Cloud migration without any concerns
The cloud prepares the way for the digital transformation, but misconceptions and concerns can often stand in the way of its introduction. How Swiss Re moved past its legacy concerns, dorma+kaba overcame its scepticism about performance and a bank resolved its security reservations.
Text: Christoph Widmer, Images: Keystone, 08 February 2018
As Swiss IT decision-makers are aware, the cloud smooths the pathway for the digital transformation. This was backed up by last year’s CIO study carried out by the University of Applied Sciences of Northwestern Switzerland (FHNW), in which 57 CIOs from companies of different industries and sizes were surveyed. Of these, 75 per cent see the cloud as a digitalisation enabler and an asset to their business – with good reason. Because the service provider is responsible for updating and maintaining the cloud, this reduces the workload of the company’s own IT department. Business processes can be run efficiently without any losses or media discontinuities. And applications developed in the cloud can be scaled and provided very easily, enabling companies to react quickly to market changes. The cloud promises agility and flexibility and enables companies to concentrate fully on their core business.

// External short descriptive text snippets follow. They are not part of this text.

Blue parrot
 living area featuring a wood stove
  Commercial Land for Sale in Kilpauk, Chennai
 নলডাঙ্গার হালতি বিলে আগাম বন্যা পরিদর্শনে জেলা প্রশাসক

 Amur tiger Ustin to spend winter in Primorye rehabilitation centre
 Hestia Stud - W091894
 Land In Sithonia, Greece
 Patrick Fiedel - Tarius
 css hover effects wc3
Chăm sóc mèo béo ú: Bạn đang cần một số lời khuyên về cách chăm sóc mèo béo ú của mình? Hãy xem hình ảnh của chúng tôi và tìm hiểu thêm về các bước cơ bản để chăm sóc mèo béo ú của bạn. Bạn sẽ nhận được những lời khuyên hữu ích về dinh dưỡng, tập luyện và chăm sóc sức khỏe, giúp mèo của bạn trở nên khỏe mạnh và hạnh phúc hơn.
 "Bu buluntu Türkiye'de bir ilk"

But even while recognising the potential of the cloud, companies still approach the migration with certain reservations. “Many companies fear that the cloud migration will have serious consequences, often for no good reason,” explains Mathis Kretz, leader of Swisscom’s Cloud Empowerment Team. “During the technical implementation phase, it is often necessary to dispel misconceptions or concerns.” In particular, companies often worry about legacy architectures or performance and security aspects relating to a move to the cloud.
Swisscom provides support for the move to the cloud: The Swisscom Cloud Empowerment Team helps companies to choose the right solution from the Swisscom cloud portfolio and shows them how they can use the cloud platforms to enable their own individual digitalisation.
For example, reinsurer Swiss Re had concerns about legacy systems when introducing new digital business models as they switched to a hybrid cloud-based solution: The plan was to run internally developed business-critical applications in the Swisscom Enterprise Application Cloud. However, certain applications had been written around 15 years earlier and were thus not originally designed for the cloud migration: “When they move to the cloud, companies don’t just change the way that they implement and run software, but also the way that they write software,” Kretz explains.
It is certainly true that legacy systems present a big challenge. To solve this problem, Swisscom collaborated closely with a team of developers at Swiss Re. They studied the architecture of a specific business application together and rewrote it for the migration to the cloud infrastructure. From then on, this case was used as a guide for all of the applications that followed. For more than two years, Swiss Re has been migrating its applications and platforms as part of a cloud-only strategy.
The dorma+kaba Group, on the other hand, had concerns about performance issues with the use of cloud-based solutions. With “exivo”, an internet-based access solution for SME, the security and access solution provider transformed its business model from product to service business. Because dorma+kaba is using the private Enterprise Application Cloud for the solution and simultaneously Swisscom’s Public Cloud as a test environment for new applications, the demands for processing power were high: It was necessary for both the access solution at the company’s customers and the internal development of business-critical applications to function perfectly. However, because server resources are shared by cloud customers, there was at first some scepticism about the move to the cloud. After the successful migration of smaller services, the service and the development environment are now running on a central platform. In particular, dorma+kaba is benefiting from the microservice architecture that is native to the cloud. This enables the individual applications to be scaled horizontally and adjusted according to the resources required.
Some customers also worry that the migration to the cloud could mean a loss of compliance or security. This was the case for a Swiss bank that is currently planning to migrate standard solutions and its own in-house software to the Swisscom Enterprise Service Cloud. The change often gives rise to questions about authorisation, system accesses or auditing. This is because the DevOps approach, whereby the development team collaborates closely with those responsible for running the systems, can unsettle customers who have particularly sensitive data. “This is why we prepare a compliance framework concept that specifies all of the legal requirements,” Kretz explains. “And we adhere strictly to these regulations during the development phase.”
Swisscom’s Cloud Empowerment Team takes all of these concerns seriously. It works together with the customer in an early phase of the project to develop proofs of concept that directly address any concerns that are raised. Subsequently, the team accompanies its customers through the transformation of an initial small project. This not only enables them to gain their first experience of the cloud environment, it also provides a basis and guidelines for the migration of all of the other services and applications.
The biggest challenges for the move to the cloud are of a cultural nature. For a switch to cloud environments to be successful, companies must move away from rigid, strictly controlled change management processes. Internal organisational units must work with each other, but also with the cloud provider, in order to be able to provide software on an ongoing basis. This is the only way that the cloud can realise its full potential in terms of flexibility, agility and scalability. Kretz is also convinced of this: “The move to the cloud only succeeds when companies recognise its advantages and are willing to question entrenched structures and processes.”